Arts & Culture
Alex Sabin and Thomas Bevan play infamous criminals Nathan Leopold and Richard Loeb.
The crime of the century comes to Stevens Point
The Pointer
lgern177@uwsp.edu
“Never the Sinner,” a dynamic play about the complexity of crime and the individuals who commit it, left not a single empty seat this weekend in the Noel Fine Arts Center’s Studio Theatre.
The play’s writer, John Logan, explored the many dimensions of the human psyche, set against the backdrop of the Chicago as an emerging industrial power in the 1920s. Logan is known for penning screenplays that delve into crime from an atypical vantage point such as “Sweeney Todd: The Demon Barber of Fleet Street.”
Students Alex Sabin and Thomas Bevan played the leading roles with finesse, but five other actors that comprised this production conveyed the depth and range of Logan’s characters with professional fluidity as well, oftentimes donning multiple roles.
Peter Hargaten, for instance, seamlessly played a reporter, psychologist, sergeant, bailiff and butler. Meagan Wells played a reporter, Loeb’s girlfriend and a psychologist. Eric Harper played a reporter and a psychologist.
A significant portion of the play was a courtroom enactment. The attorneys Clarence Darrow and Robert Crowe, played by James Roland and Thomas Bevan respectively, created a spellbinding tension from exploring the intricacies and consequences of the murderer’s intelligence.
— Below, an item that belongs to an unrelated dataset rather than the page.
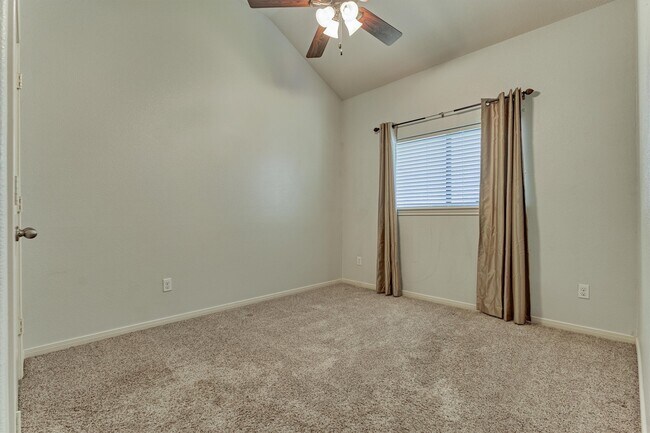 Building Photo - 8007 N Tarrytown Crossing Dr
An underlying theme throughout the play was the issue of morality. The criminals had theorized they were “ubermenschen,” or supermen, and above the rules that bind the rest of mankind. They justified committing murder on this basis, because, as they told the courtroom, they could.
But defining the two main characters by this irreverence would be a mistake. In reality, the boys, as their defense attorney Darrow repeatedly referred to them, were one-dimensional enough for such categorizations.
Though both Loeb and Leopold referred often to their families, it was with each other they showed the most affection. In fact, they had a pact in which Loeb, in exchange for a partner in crime, was Leopold’s partner in bed. By the end of the film though, when Leopold stated if they were to be separated in prison he would rather be hanged, the feelings were undoubtedly mutual.
In the end it was also clear, when they realized they would not be let off the hook as easily as they had previously thought, they had fallen from their self-prescribed greatness. This became especially evident when Loeb asked Leopold, “We’re not ubermenschen anymore, are we?”
“I really didn’t know what it was about,” said University of Wisconsin-Stevens Point student Lynnea Chelmo. “The acting was really good, but it was really sad, kind of depressing.”
The ending was, to others, fittingly realistic, with the two criminals sentenced to life in jail and then some. But in light of their senseless crime, the sentence was light, perhaps due to Darrow and his compassionate philosophy, “Hate the sin, but never the sinner.”
Filled with morbid humor and characters that wove a strong, thought-provoking plot with their performance, the show was indisputably a success.
“The acting, tech and design were all excellent,” student Arne Parrott said. “It was a thought-provoking, well-honed, clearly well-rehearsed, well-oiled machine.”